Dass ich mich in meinen jungen Jahren nicht auf eine Partnerschaft verständigen konnte, mag auch daran liegen, dass ich mit meiner eigenen Generation, den 1970ern, nie viel anfangen konnte. Ich war nie ein Juppie, dafür war ich zu religiös, zu familienaffin – vielleicht hätte ich mich geborgener gefühlt, wenn ich zwanzig Jahre später geboren wäre. Andererseits bin ich durchaus froh, dass ich eine Kindheit so ganz ohne Smartphones, Internet und Social Media und ohne kontrollwütige Eltern und G8 verleben durfte.
Man darf auch nie vergessen, dass mein gesamtes Leben von Pflegefällen flankiert wurde. Ich wohnte immer, von Kind auf, direkt neben einem Menschen, der qualvoll dahinsiechte: Opa, Schwiegertante, Oma, Mutter. Das schreckt Besucher ab und stumpft ab, nimmt die Lust an Zärtlichkeit. Selten war es Frühling in meinem Leben. Ich war quasi ein Mandelbäumchen in Grönland. Das ist dem Aufbau von partnerschaftlichen Beziehungen ebenso wenig förderlich wie der Familiengründung. Meine letzten zwei Partnerschaften ging unter anderem auch daran zugrunde – andererseits fühlte ich mich auch nicht getragen – insofern waren diese Beziehungen wohl auch nicht tragfähig. So gibt es dann auch nicht wirklich etwas darüber zu bedauern, dass sie gescheitert sind. Ich muss mir allerdings auch nicht vorwerfen lassen, dass ich es nicht versucht hätte und dass es nur an mir lag.

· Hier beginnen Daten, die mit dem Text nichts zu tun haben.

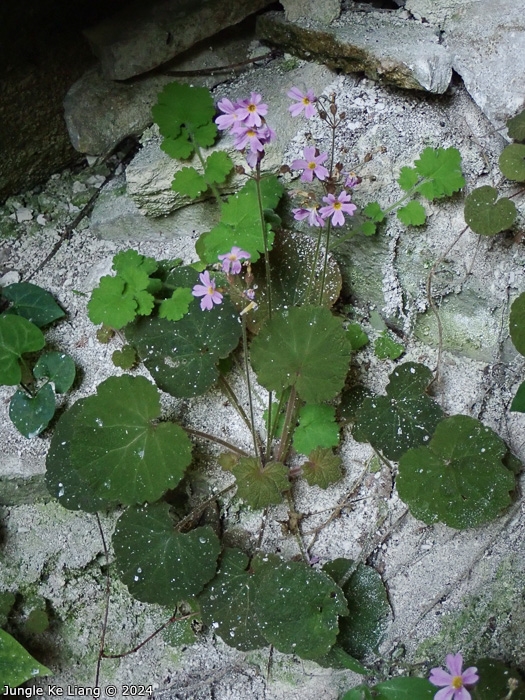 <i>Primula cavaleriei </i>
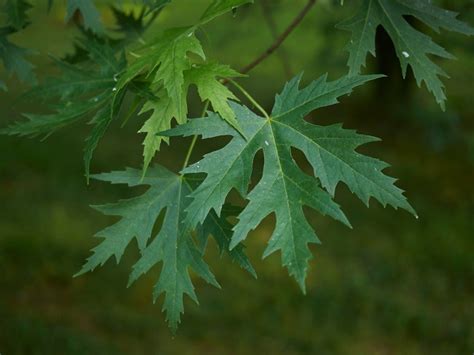 Planting A Silver Maple Tree: Learn About Silver Maple Tree Growth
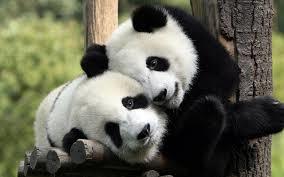 What is the most amazing animal you've seen in real life?
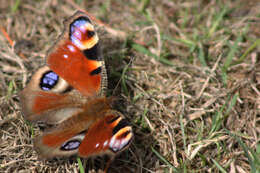 Image of Aglais io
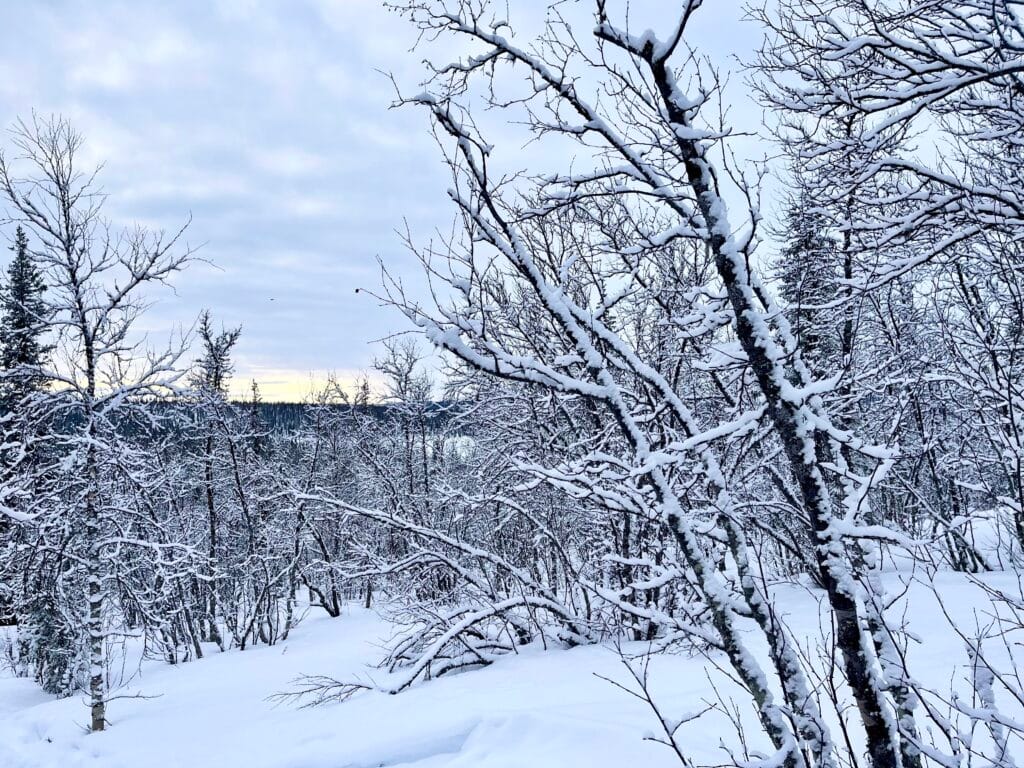 randonnée Aptasvaara en laponie suédoise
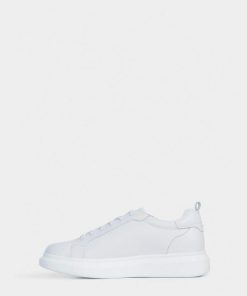 Thesteadybeat.shop00a7978119 3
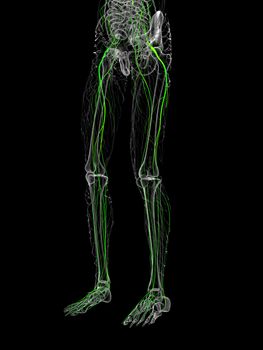 3d render medical illustration of the nerve system - side view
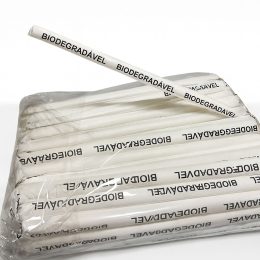 Canudos Plastico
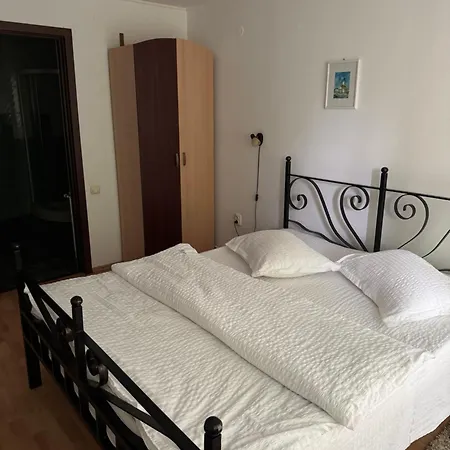 Pensiunea Ego 3* 布朗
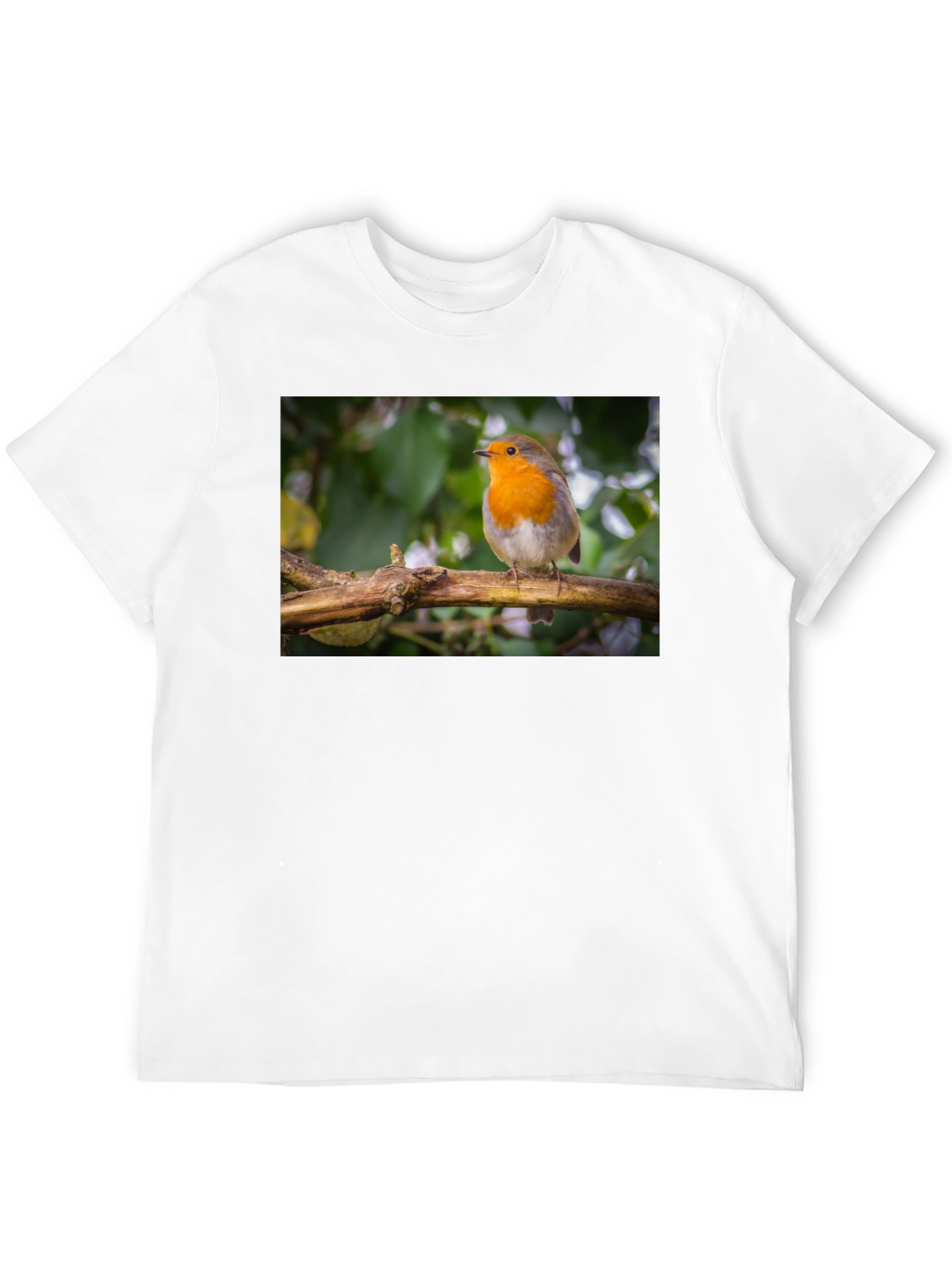 Robin Bird Black T-Shirt Nature Lover Gift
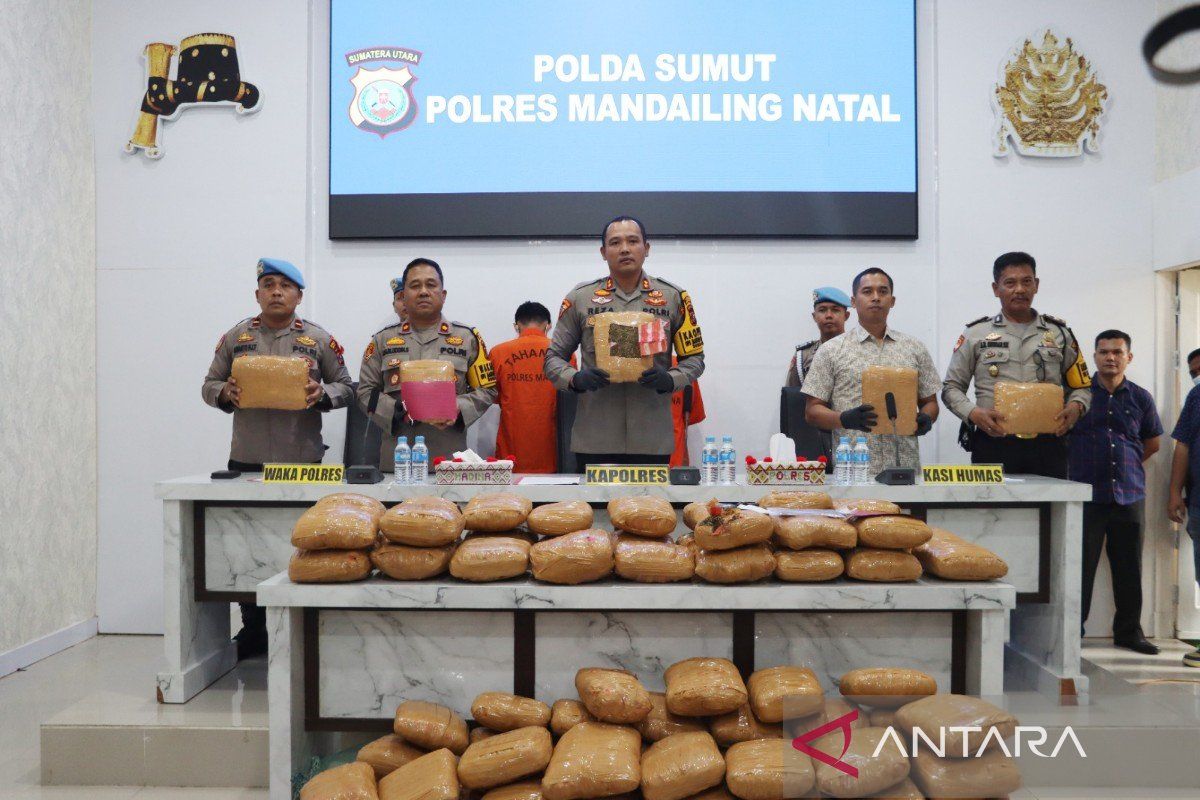 Bawa ganja 116 kilogram, dua warga Sumbar ditangkap di Madina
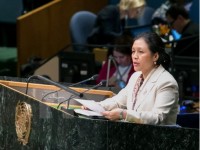 UN peacekeeping operations need reform: Ambassador Nga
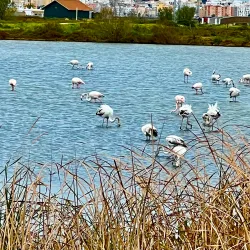 Natural Park of the Bay of Cádiz (Parque Natural Bahía de Cádiz) - Chiclana de la Frontera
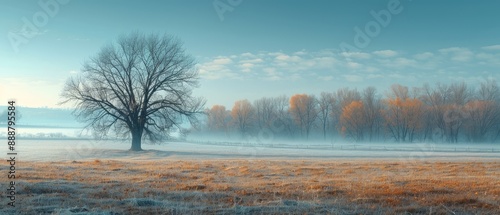 Solitary Tree in a Frozen Field, Winter's Dawn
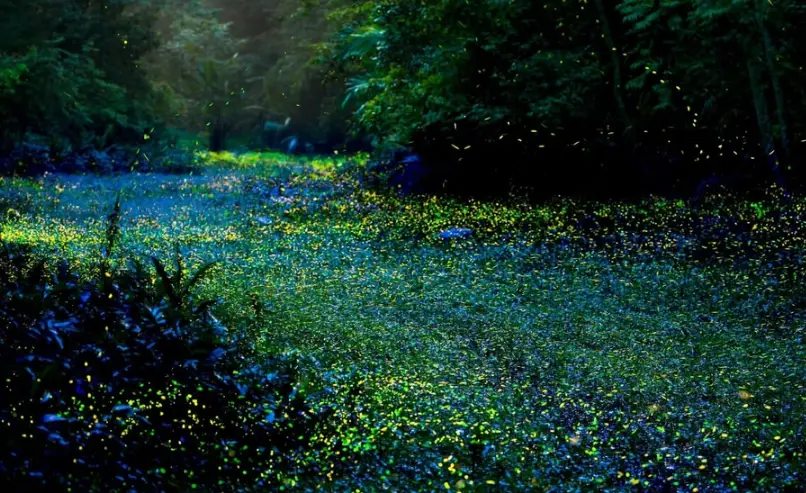 台灣賞螢注意事項 台灣賞螢注意事項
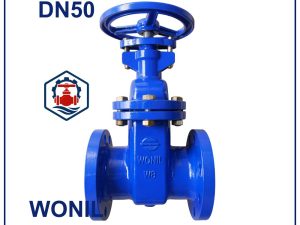 Van cổng gang Wonil DN50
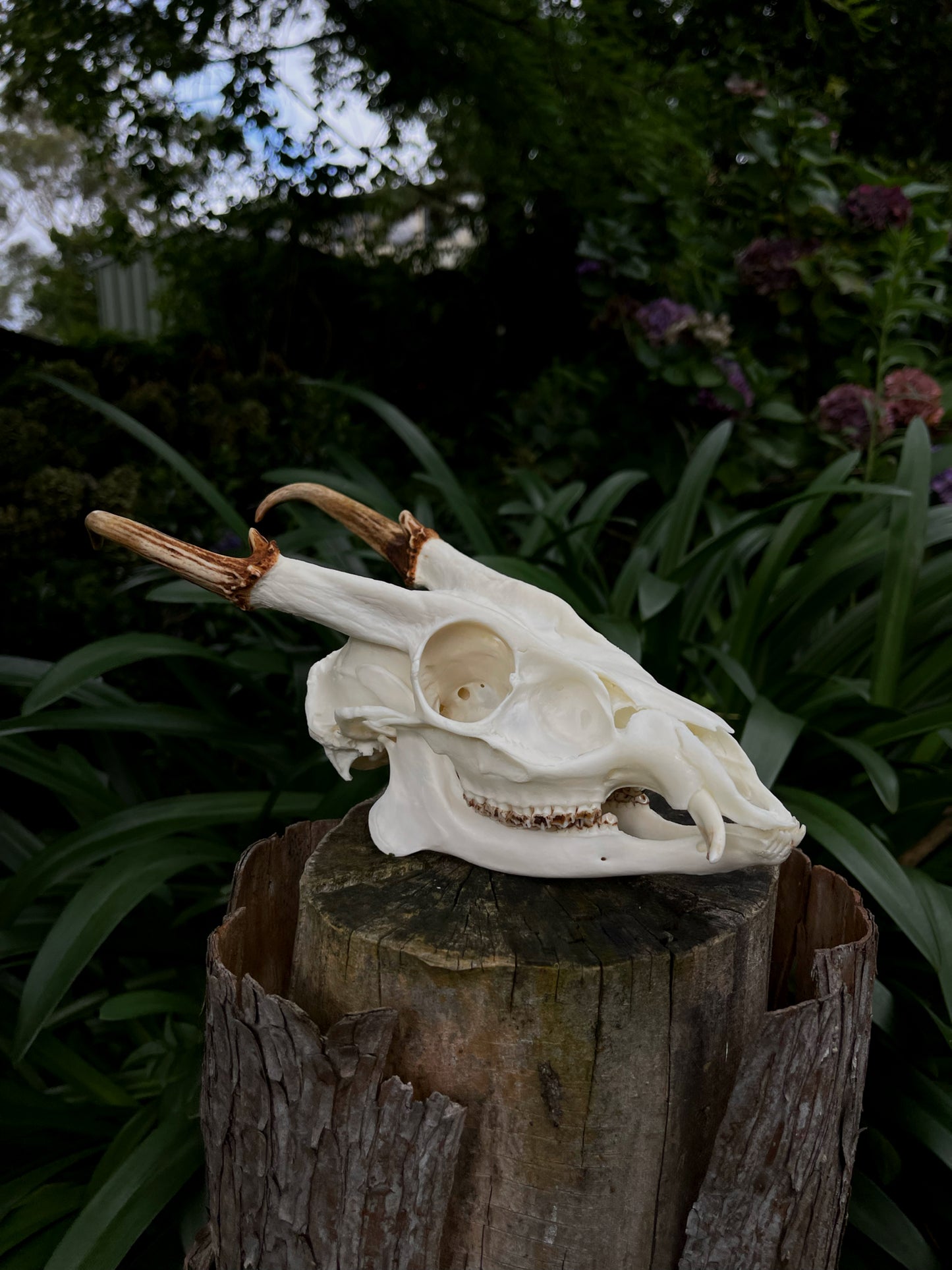 Reeves’s Muntjac Skull (UK)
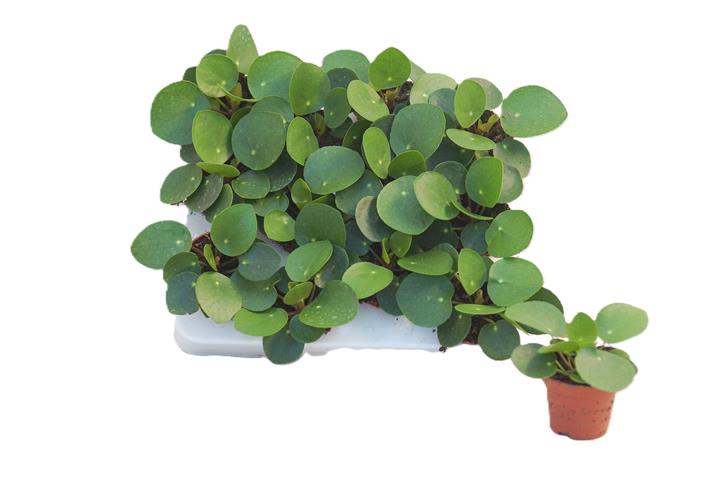 Pilea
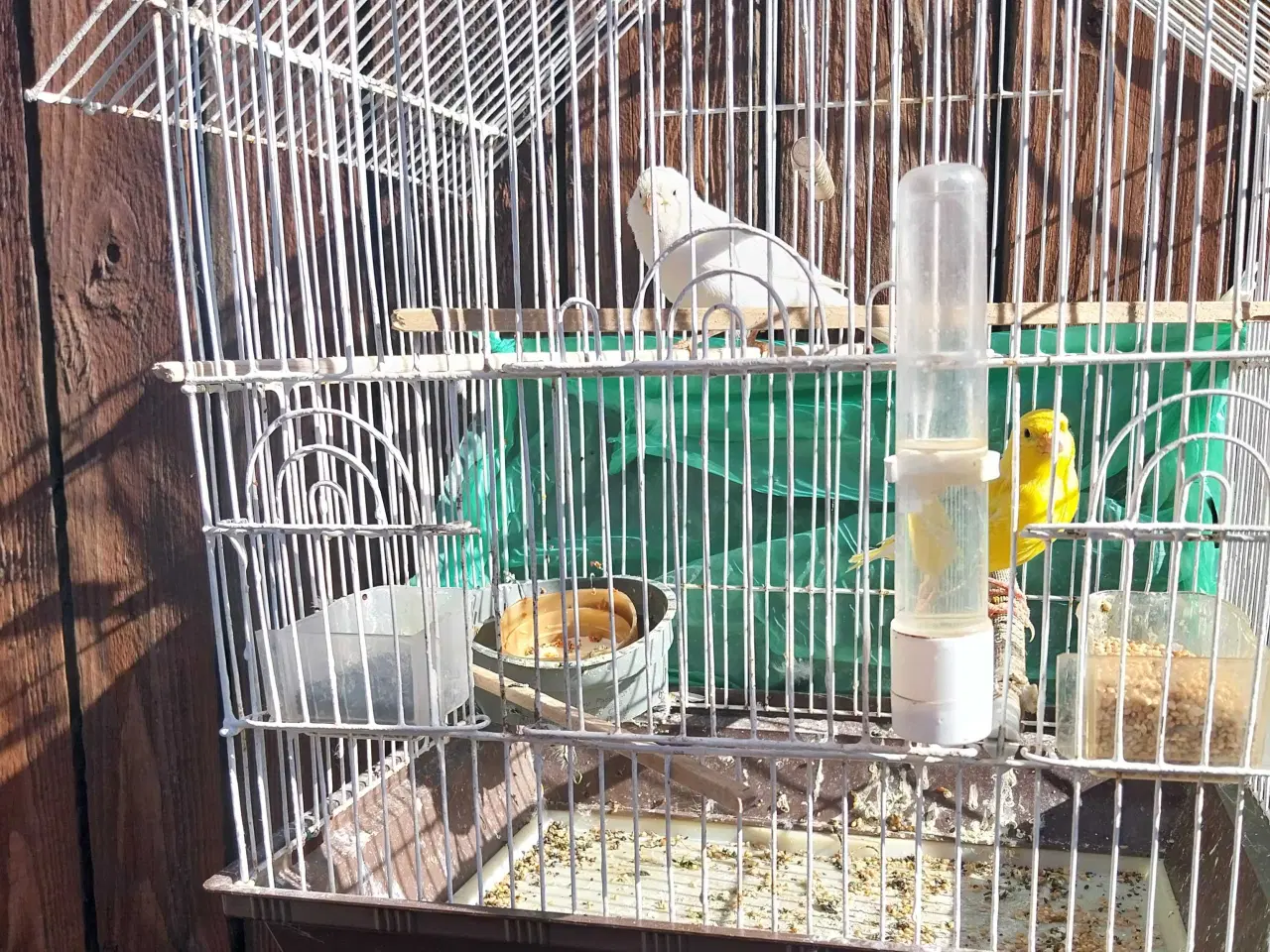 Billede 2 - 2 stk kanariefugle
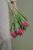hanging_on_reduced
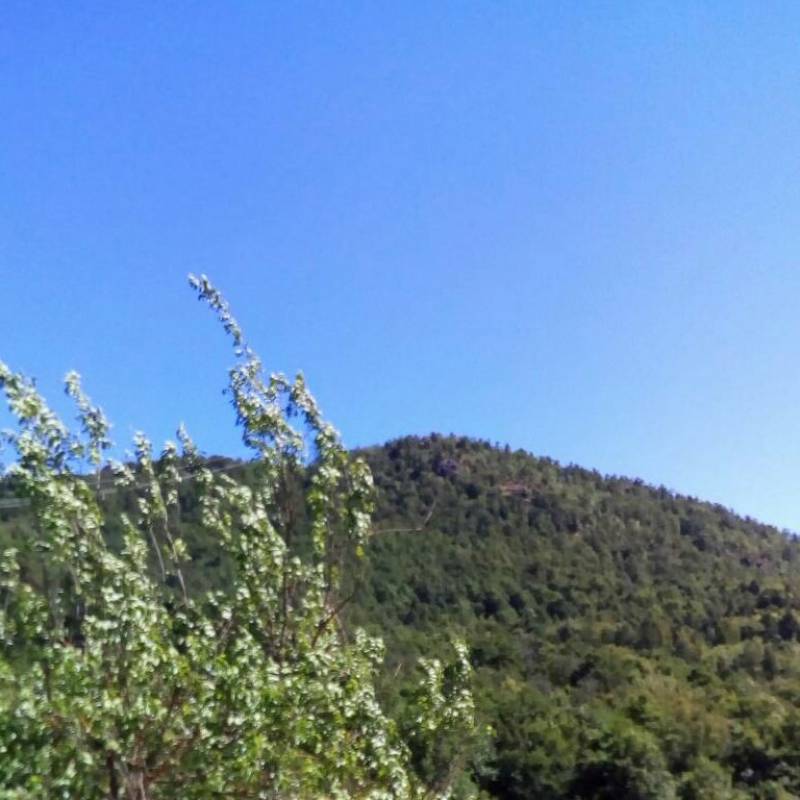 Fotosegnalazione di Sassello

Letztlich war ich im Leben immer dann erfolgreich, wenn ich alleine war. So vermehrt man sich nicht, aber mein Leben war erfüllt: Ich hatte trotz anfälliger Gesundheit mehr Raum, eigenen Interessen zu folgen und konnte Wege ohne Rücksicht auf Partnerinnen und Kinder versuchen oder zumindest zuende denken. Das machte mein Leben weniger banal, als es bei Menschen ist, die ganz „normale“ Wege gehen und bürgerliche Privatutopien mit Eigenheim und Kleinfamilie leben. Es ist ein Irrglaube, damit das eigene Leben verlängern oder vertiefen zu können, um mit Max Frisch zu sprechen, ohnehin unsinnig:
„Ihr [die Männer] nehmt das Kind nicht als Kind, als neues Wesen, sondern als Verlängerung eures eigenen Lebens, darum wollt ihr einen Sohn, eine Fortpflanzung, damit ihr euch nicht zu sterben braucht …“ Hanna zu Walter Faber in Max Frisch: Homo Faber
Ähnliches gilt, finde ich, im Übrigen auch für Partnerschaften: Eine Partnerin oder ein Partner ist keine Ergänzungskomponente für den persönlichen Life-Style und das Ego. Partnerschaft entsteht durch eine zwischenmenschliche Beziehung, die in sich selbst durch Zweisamkeit entsteht. Mit Gottes Segen gründet sich dadurch eine Familie mit Kindern – was keineswegs selbstverständlich gelingt.
Es ist müßig, sich über etwas zu beschweren, was nicht ist und nicht geworden ist.